──────── Working data

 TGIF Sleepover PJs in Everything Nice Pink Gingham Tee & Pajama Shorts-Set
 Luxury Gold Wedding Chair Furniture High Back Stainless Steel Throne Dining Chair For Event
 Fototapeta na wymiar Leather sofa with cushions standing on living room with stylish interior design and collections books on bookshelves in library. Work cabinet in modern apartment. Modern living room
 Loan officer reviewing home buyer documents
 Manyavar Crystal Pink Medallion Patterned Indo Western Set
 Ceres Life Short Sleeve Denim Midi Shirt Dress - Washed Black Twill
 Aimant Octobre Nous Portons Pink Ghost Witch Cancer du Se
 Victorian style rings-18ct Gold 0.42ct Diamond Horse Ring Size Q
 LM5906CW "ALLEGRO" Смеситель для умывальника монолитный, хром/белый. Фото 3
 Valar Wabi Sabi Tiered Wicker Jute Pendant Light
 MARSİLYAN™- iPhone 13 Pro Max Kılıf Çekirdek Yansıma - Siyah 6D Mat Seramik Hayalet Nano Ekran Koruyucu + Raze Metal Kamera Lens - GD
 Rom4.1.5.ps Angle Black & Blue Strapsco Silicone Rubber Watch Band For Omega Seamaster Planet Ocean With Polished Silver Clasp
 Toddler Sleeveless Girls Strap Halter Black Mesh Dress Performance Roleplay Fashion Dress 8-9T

────────────────

Try it
If a line falls between the first line of the records and the line containing "MARSİLYAN™- iPhone 13", inclusive, repeat it exactly; leave out all others.

Answer to this exercise
 TGIF Sleepover PJs in Everything Nice Pink Gingham Tee & Pajama Shorts-Set
 Luxury Gold Wedding Chair Furniture High Back Stainless Steel Throne Dining Chair For Event
 Fototapeta na wymiar Leather sofa with cushions standing on living room with stylish interior design and collections books on bookshelves in library. Work cabinet in modern apartment. Modern living room
 Loan officer reviewing home buyer documents
 Manyavar Crystal Pink Medallion Patterned Indo Western Set
 Ceres Life Short Sleeve Denim Midi Shirt Dress - Washed Black Twill
 Aimant Octobre Nous Portons Pink Ghost Witch Cancer du Se
 Victorian style rings-18ct Gold 0.42ct Diamond Horse Ring Size Q
 LM5906CW "ALLEGRO" Смеситель для умывальника монолитный, хром/белый. Фото 3
 Valar Wabi Sabi Tiered Wicker Jute Pendant Light
 MARSİLYAN™- iPhone 13 Pro Max Kılıf Çekirdek Yansıma - Siyah 6D Mat Seramik Hayalet Nano Ekran Koruyucu + Raze Metal Kamera Lens - GD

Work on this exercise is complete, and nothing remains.